In July 1986, literary magazine Matulu devotes an entire issue to Matzneff. Then-president François Mitterrand writes an article in it praising the author for having ‘always amazed me with his extreme taste for rigour and with the depth of his thinking’.
The same year, police receive anonymous tips that Matzneff is staying in an apartment with 14-year-old Vanessa Springora. They are subsequently dismissed as the work of some ‘literary rival’. The pair move on to another apartment, which later Matzneff claims was paid for by fashion designer Yves Saint Laurent.
In 1990, Matzneff appears on French TV programme Apostrophes. Bernard Pivot, a prominent French literary figure, probes him on his romantic preference for ‘schoolgirls’. Matzneff obliges; the atmosphere remains light-hearted throughout. Fellow guest and Canadian writer Denise Bombardier is the only person to castigate him. ‘Literature cannot serve as an alibi,’ she says, with visible disgust. The following day, writer Jacques Lanzmann declares that Bombardier deserves to be slapped for being so rude.
In 2013, Matzneff is awarded the prestigious Prix Renaudot, a French literary prize.

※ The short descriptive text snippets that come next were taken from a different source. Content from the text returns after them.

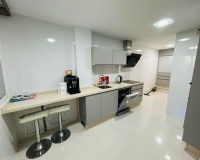 Resale - apartment - Marbella - Elviria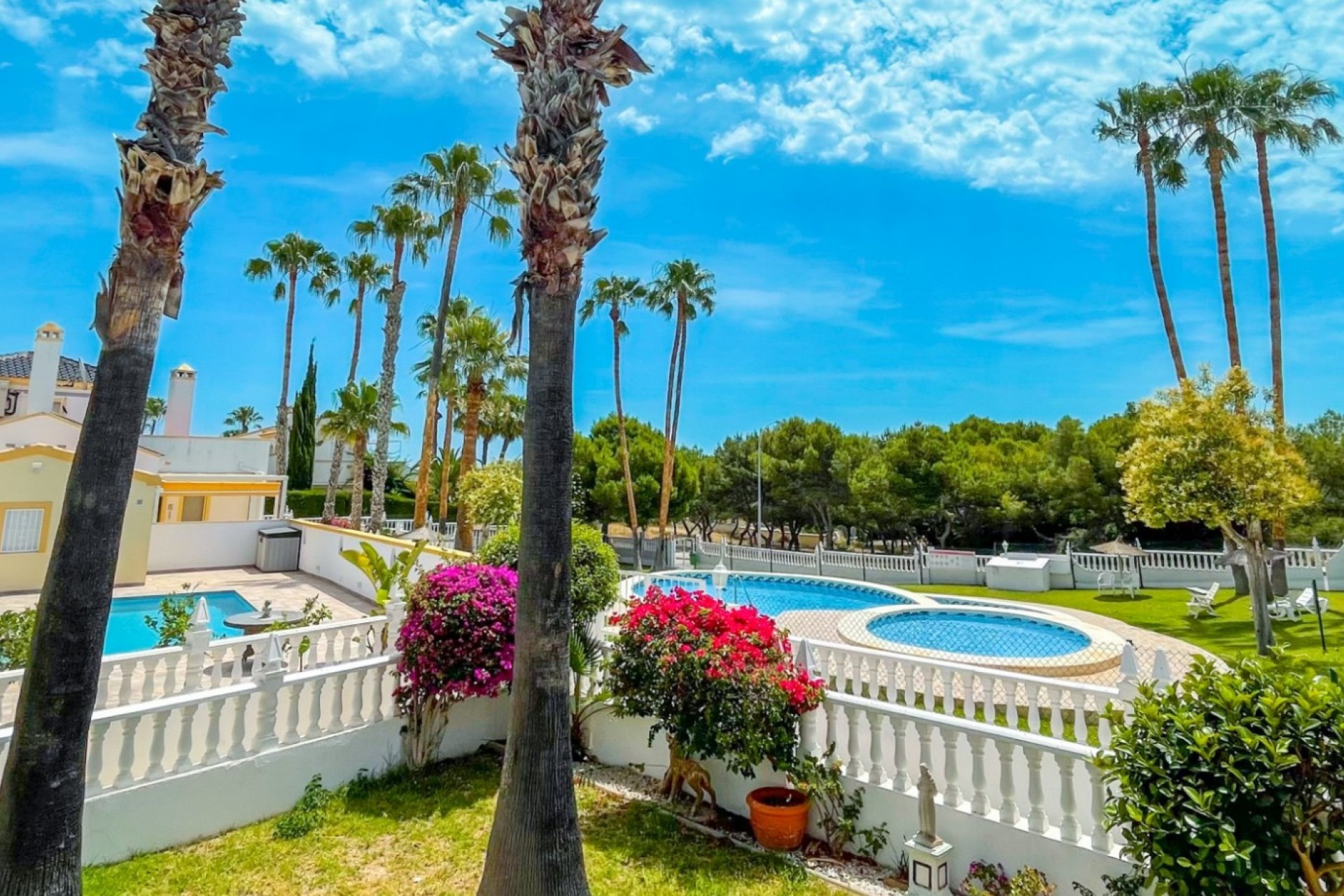 Resale - Townhouse -
Orihuela Costa - La Rioja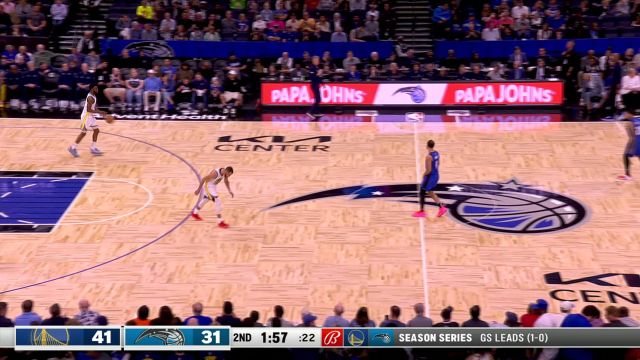 【2024年03月28日 勇士vs魔术集锦】面前出现了一片开阔地 维金斯闲庭信步直冲禁区双手暴扣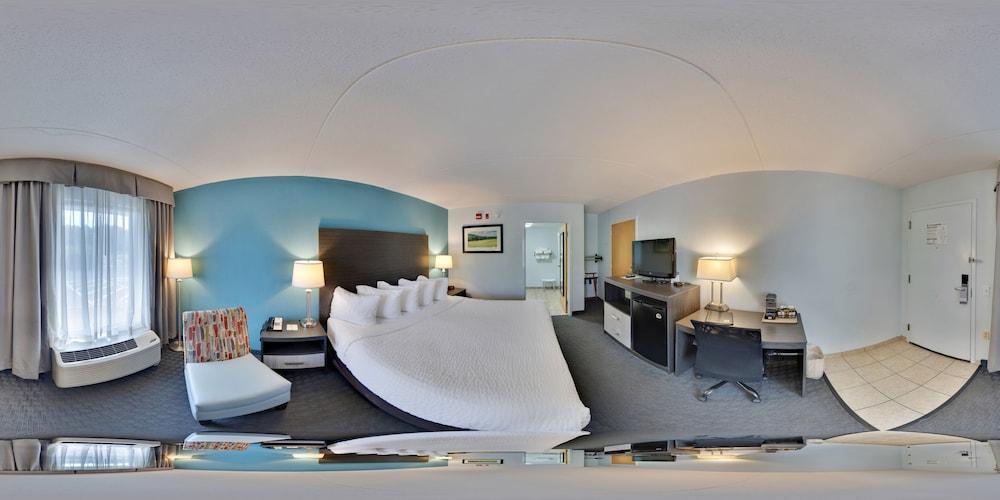 Clarion Inn Cleveland Near University Bagian luar foto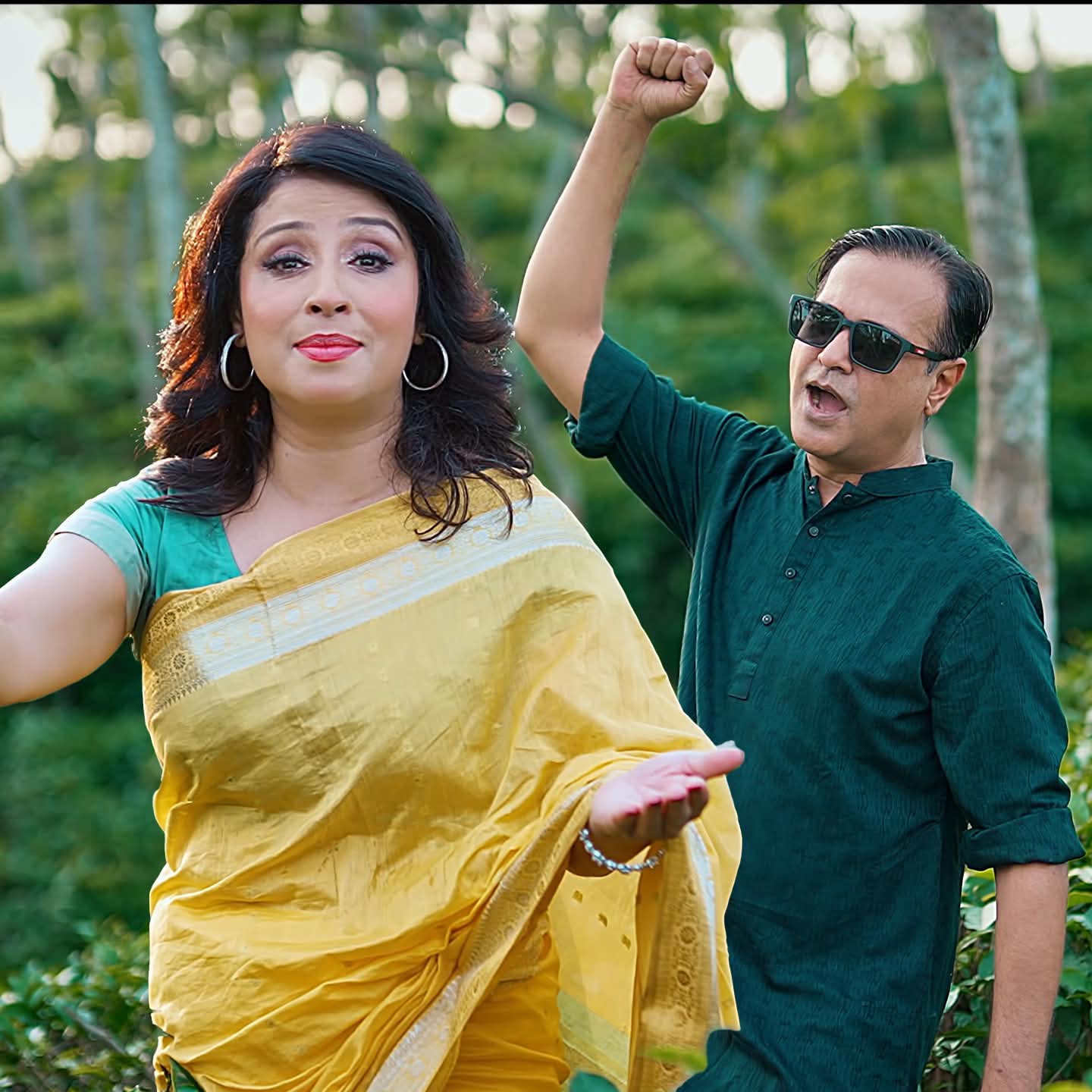 আসিফ আকবর ও লন্ডন প্রবাসী কণ্ঠশিল্পী রুবাইয়াত জাহান।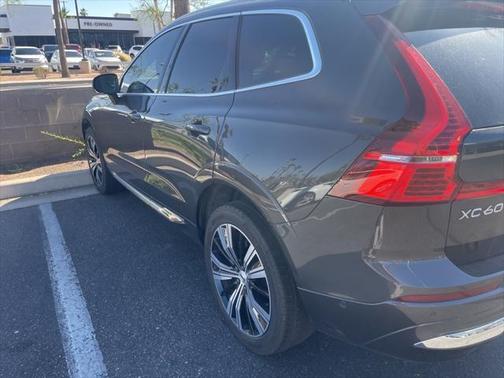 2022 Volvo XC60 B5 Inscription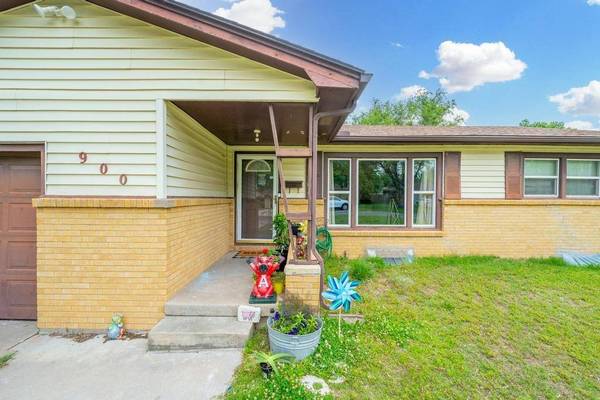 900 N Brownthrush Ln, Wichita, KS 67212-3504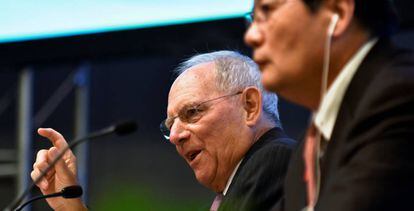El ministro alemá de Finanzas junto a su colega chino
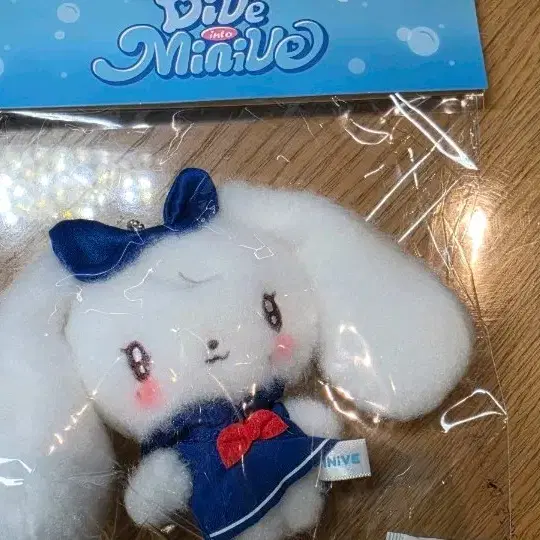 아이브 부산 미니브 팝업 MD 장원영 체리 인형 팔아요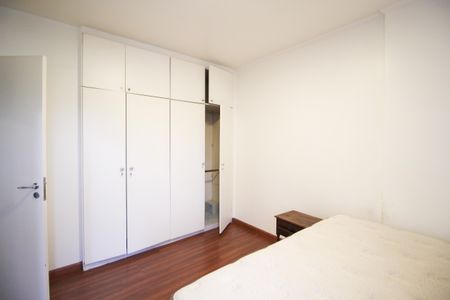 Apartamento para alugar com 70m², 2 quartos e 1 vagaSuíte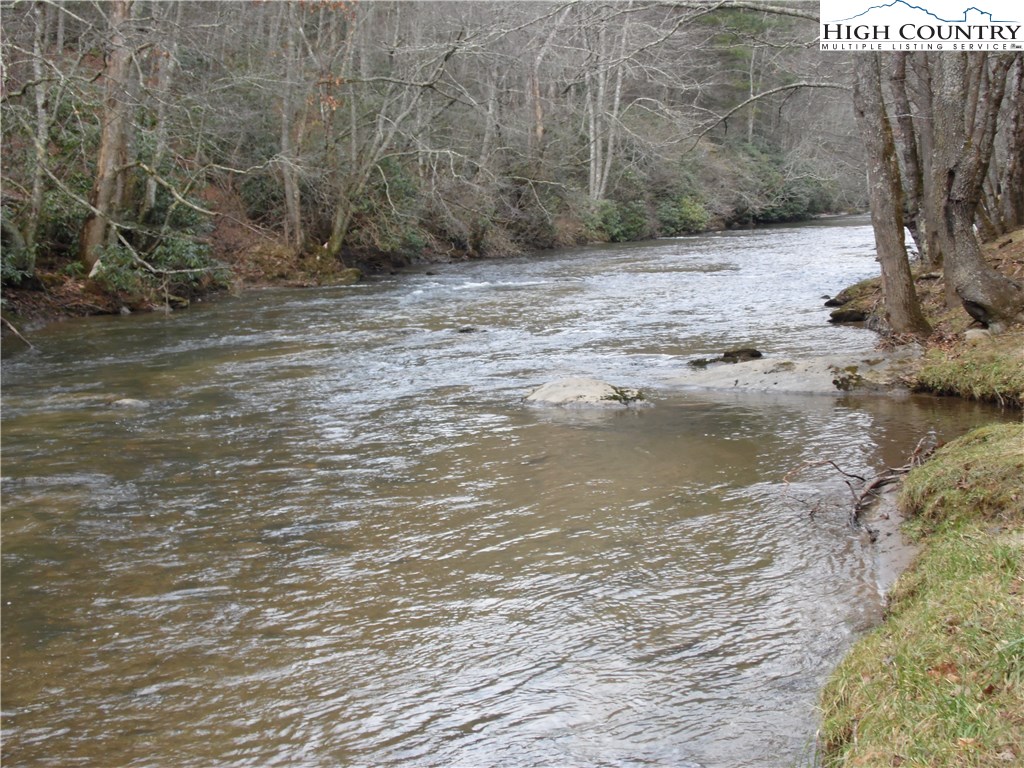 S9 Breezy Ridge Lane Sparta, NC 28675 - Photo 2 of 9 Gallery Image 2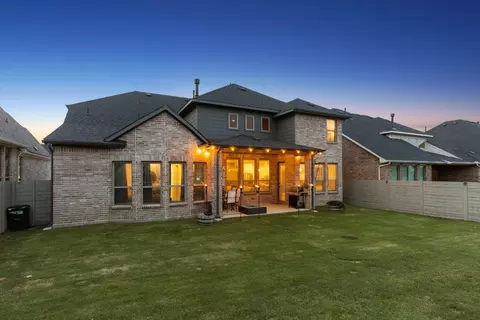 1109 13th St, Argyle, TX 76226 photo 5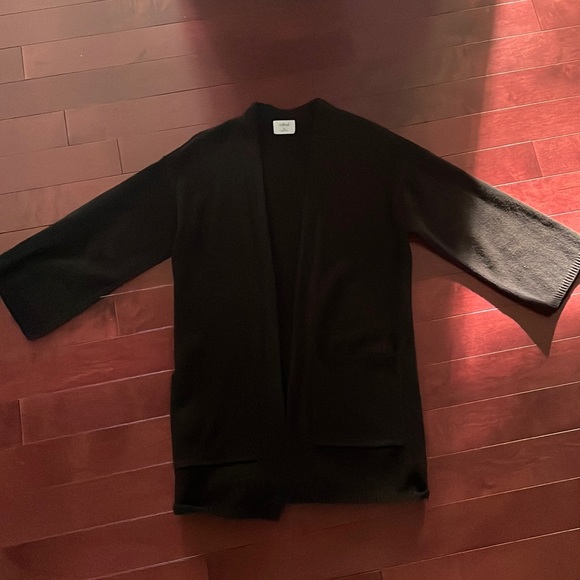 Wilfred oversized crop sleeve cardigan from Aritzia - Picture 2 of 6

In November 2017, the inner workings of the Swedish Academy are laid bare as it is revealed that the husband of Academy member Katarina Frostenson has been accused of serial sexual abuse. In accusations published by the Stockholm daily paper, 18 women say that they have been assaulted or exploited by Arnault, who has been married to Frostenson since 1989. Soon after, the secretary of the Academy says she herself has been assaulted by Arnault. Several members of the Academy resign as the scandal unfolds, including Arnault’s wife. The 2018 Nobel Prize for Literature is cancelled as a result.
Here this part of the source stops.